Why Are People So Bad With Money?

Chris Gaetano
Published Date:
Dec 11, 2017

It's a question that many CPAs have no doubt asked themselves when observing a client making a particularly bad decision: why are they so bad with money? A behavioral economist from Duke University thinks he has an answer to that question—several, in fact, according to CNN Money. It's not that people specifically set out to spend every last cent they have, but there are certain cognitive effects that prevent certain people from being able to fully comprehend the impact of their financial choices. 

One is that saving is a largely invisible activity. People tend not to talk about it and so we don't have as much knowledge of what's normal in terms of saving money, and that furthermore it's seen as pretty normal to not have all that much put away for an emergency. Encouraging clients to not only think more but talk more about the money they save, whether it's a 401(k) or even a second checking account they divert some cash into each paycheck, can help keep saving in the front of their minds, and be more inclined to sock away cash for a rainy day. 

Similarly, spending is easier than ever. Compare the convenience of things like credit and debit cards, mobile payment apps, and automated billing to having to get cash, count it out, physically hand it to someone. Today it's easy to spend without knowing how much money you even have.

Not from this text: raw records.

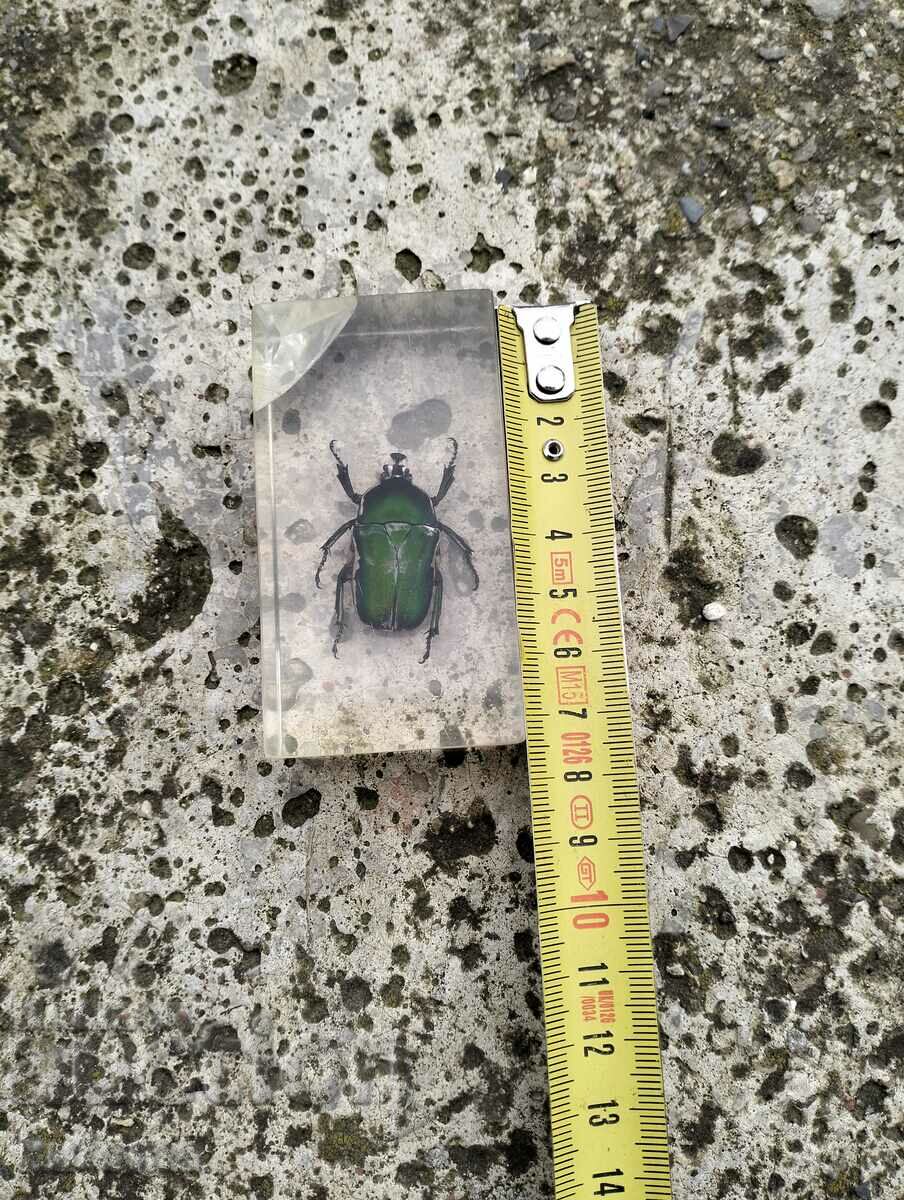 Auction Beetle insect Auction Beetle insect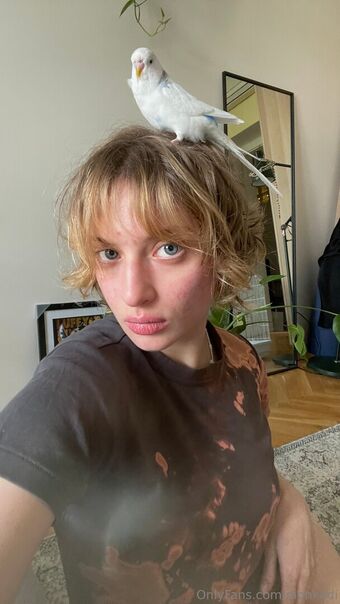 Dionkadi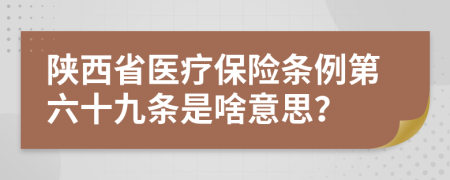 陕西省医疗保险条例第六十九条是啥意思？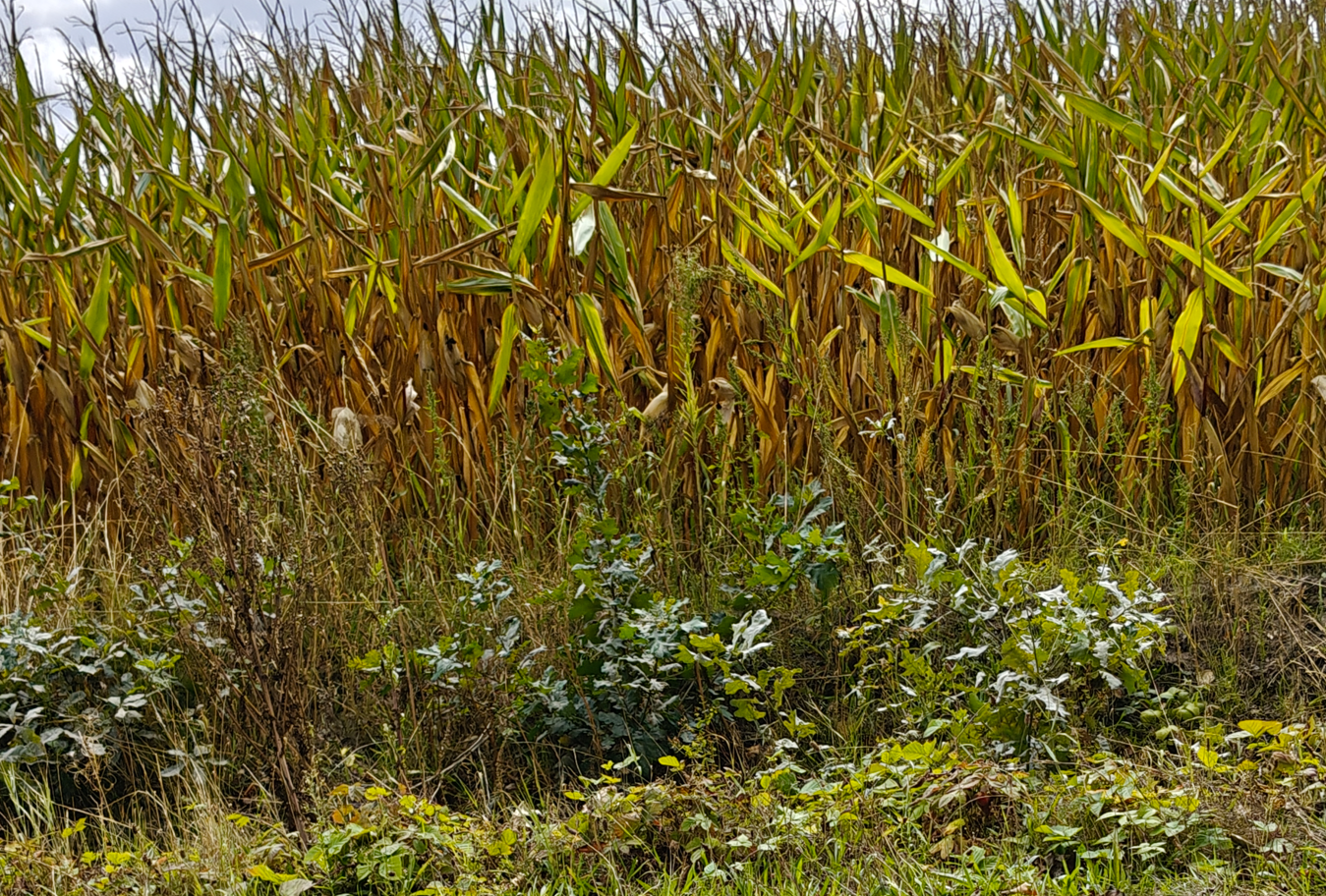 Maïsstengels in een veld met groen onkruid en droog bruin gebladerte op de voorgrond.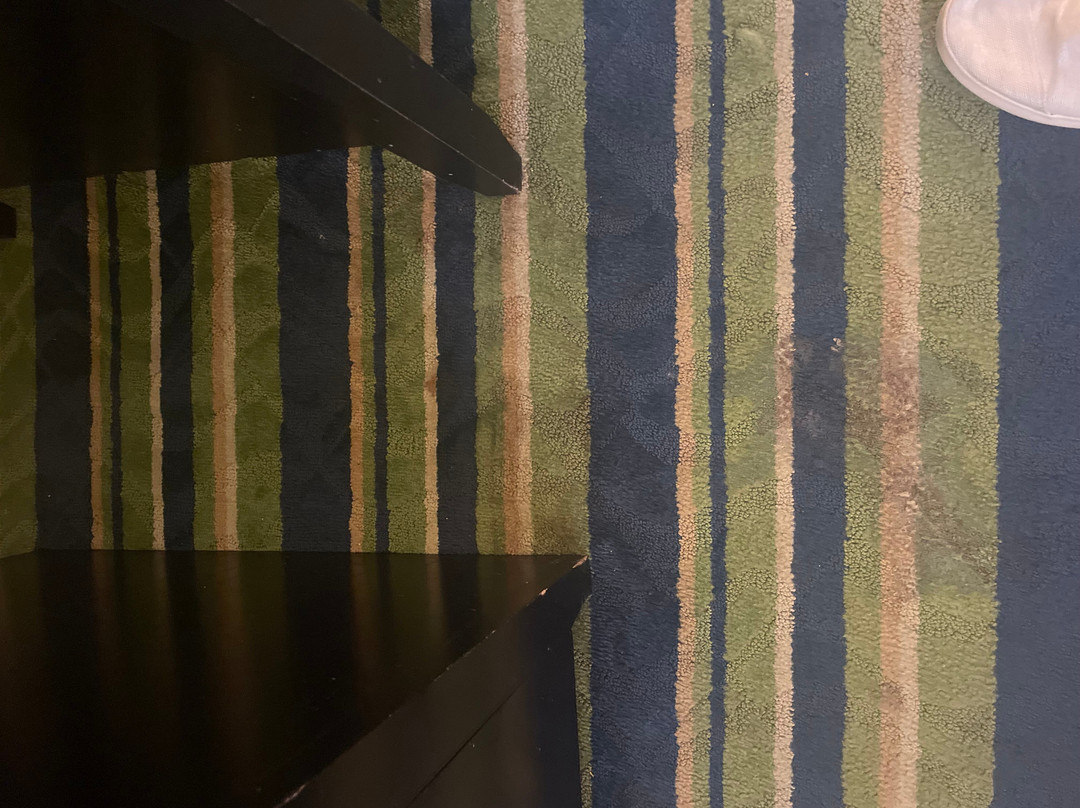 Comfort Inn & Suites Lantana - West Palm Beach South主图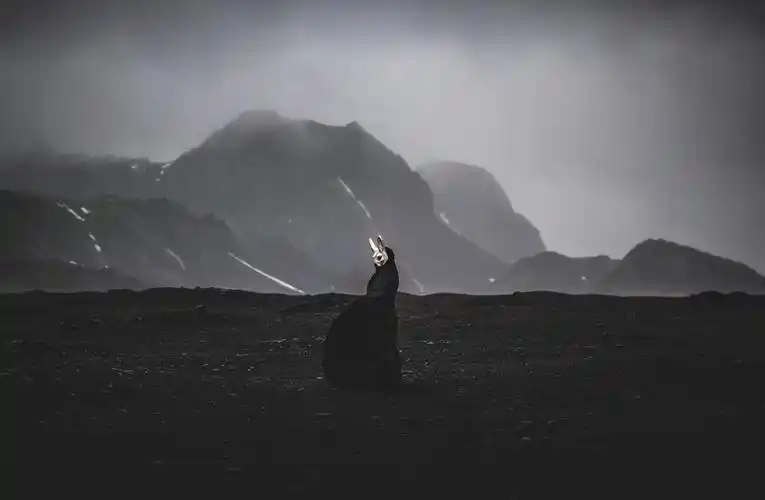 太宰治photo by ins:brokensundowns 67一旦别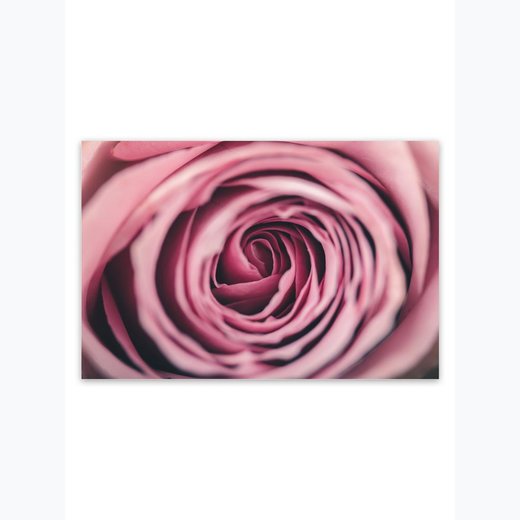 Rose  Rosa 2 als Kunstdruck 30x21cm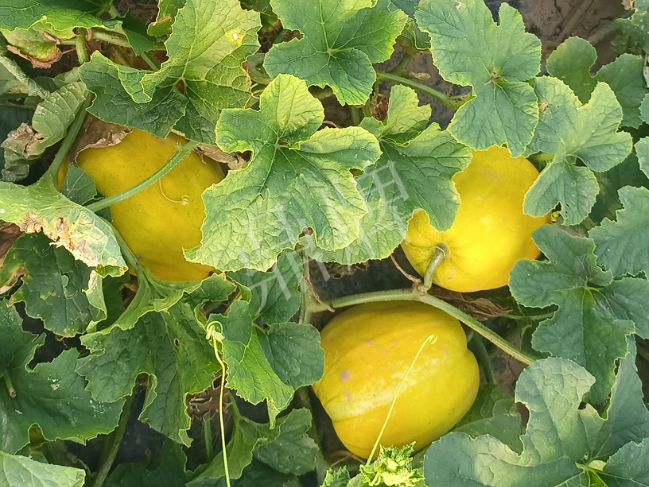 蔬菜種子種植戶客戶點評-種它！種它！高溫季節(jié)就種它！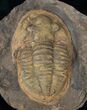 Asaphid Trilobite in Sandstone Concretion #13196-1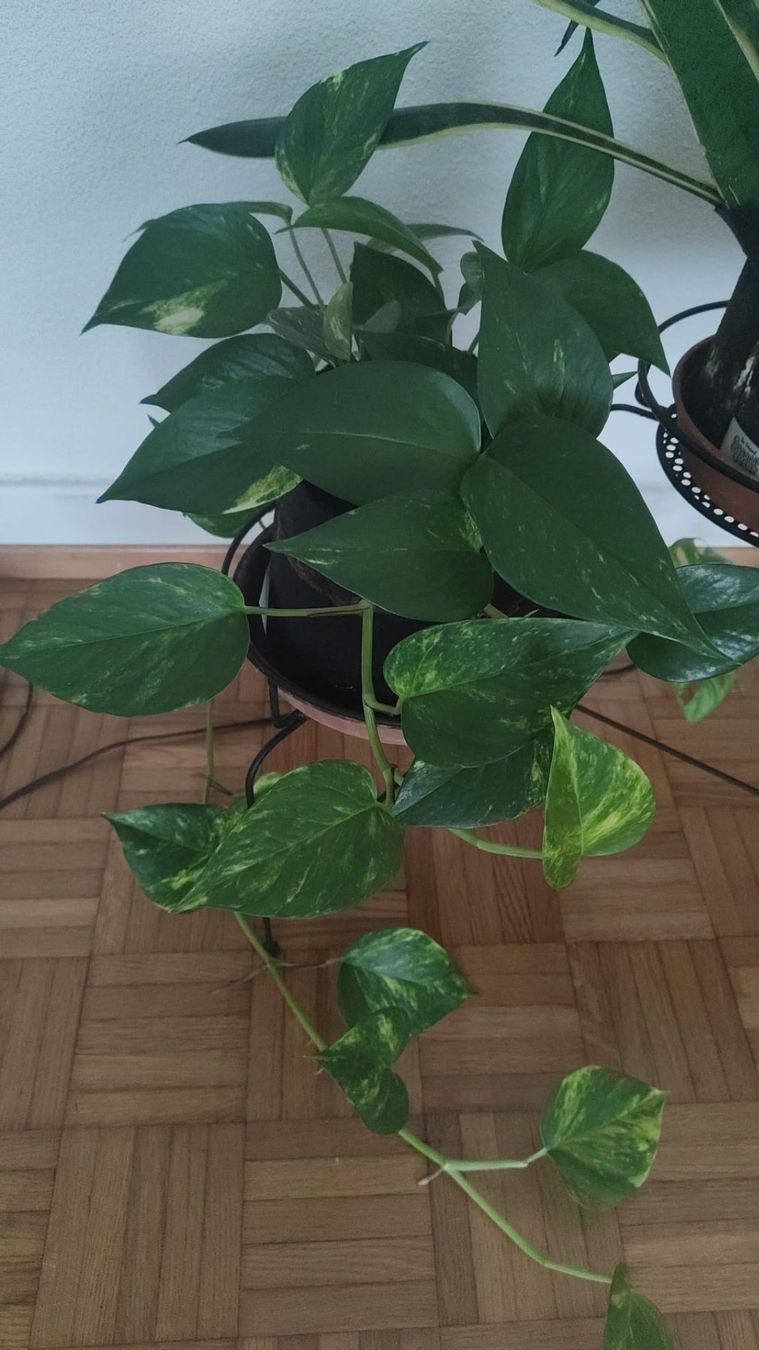 Pflanzen & Samen: Boutures de Epipremnum aureum – Neu (gemäss Beschreibung) aus Vevey von con_dwl8 3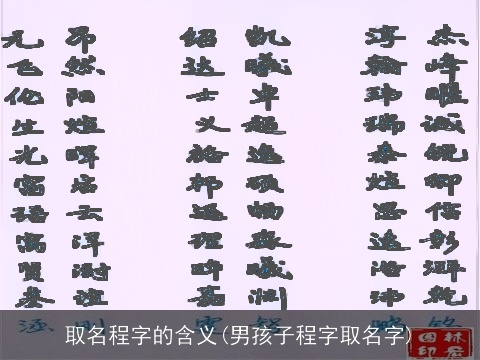 取名程字的含义(男孩子程字取名字)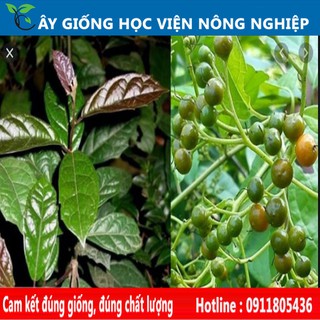 cây xạ đen giống chuẩn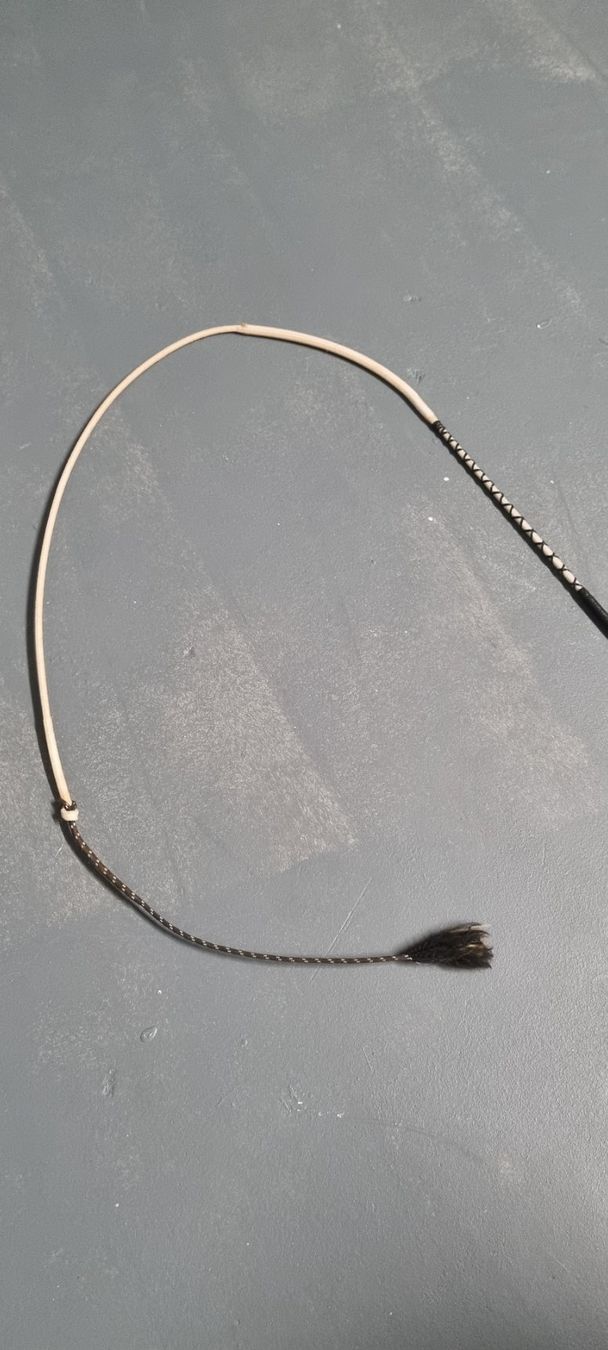 Altro in Accessori per animali: Fahrpeitsche – Usato da Lyss venduto da mel_td7r 2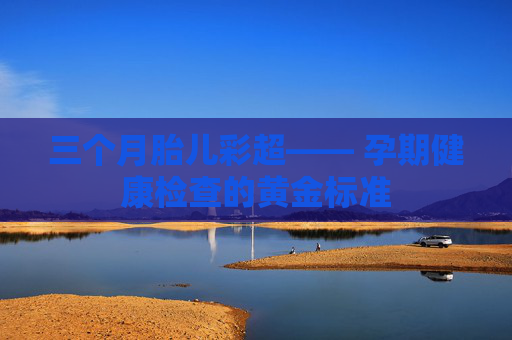 三个月胎儿彩超—— 孕期健康检查的黄金标准 三个月胎儿彩超—— 孕期健康检查的黄金标准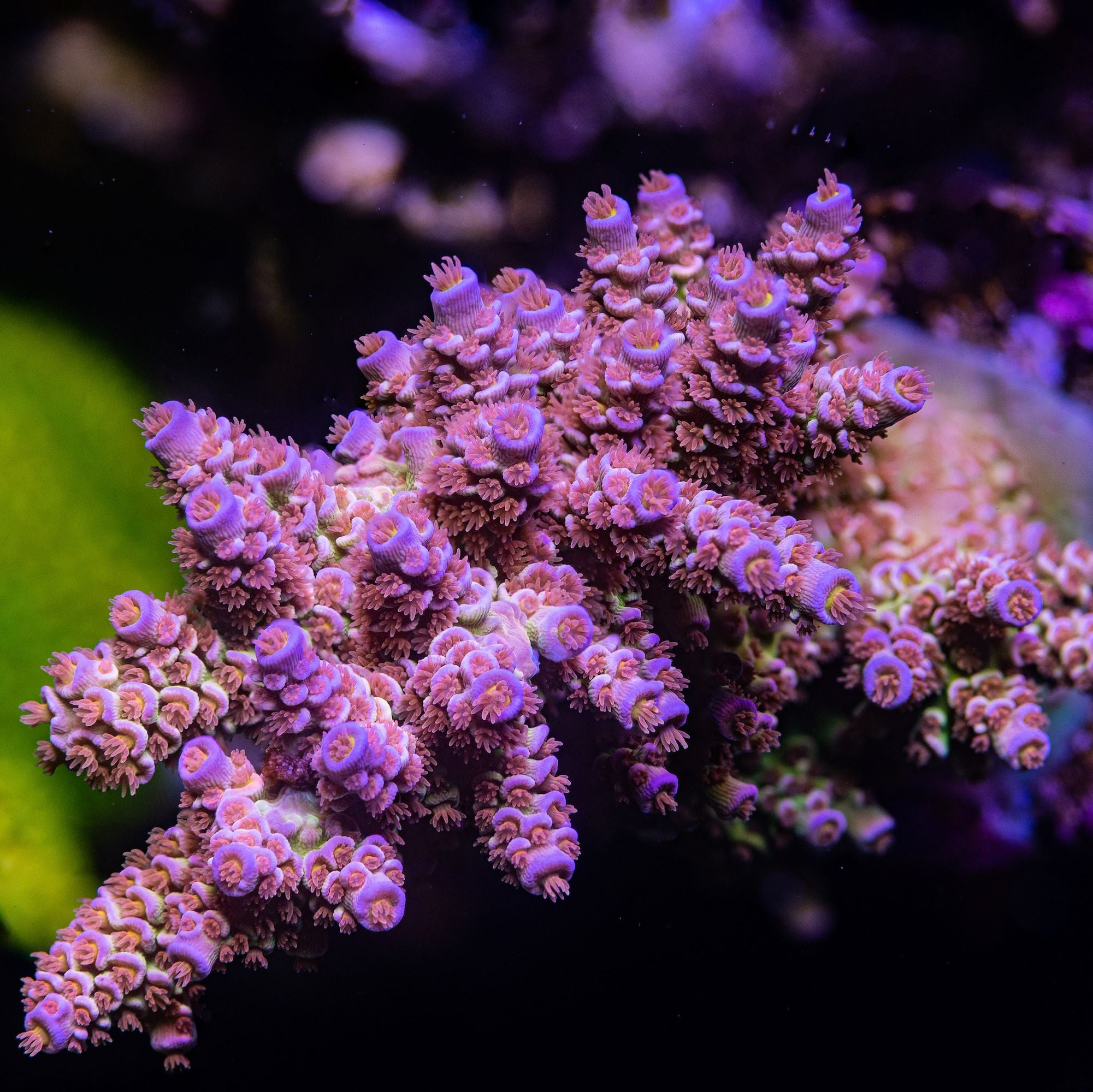 Cherry Bomb Acropora tenuis Reef Lounge Coral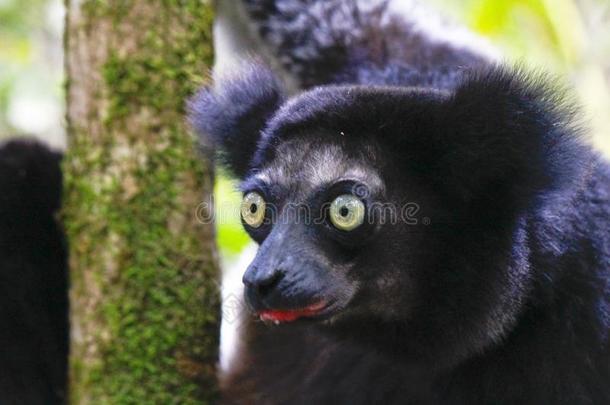 美丽的影像关于指已提到的人马达加斯加大狐猴狐猴马达加斯加大狐猴马达加斯加大狐猴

Beyond just being more mindful of individual payments, clients could also put their weekly budgets on pre-paid debit cards to keep themselves disciplined. 

Finally, we tend to think of our future selves as someone else entirely, versus, well, ourselves. Since we're so disconnected from future consequences, we tend not to consider what effects buying something will have on them. Clients should set weekly, not monthly, budgets and perhaps even look at a photo of themselves aged up to remind them that their actions have consequences.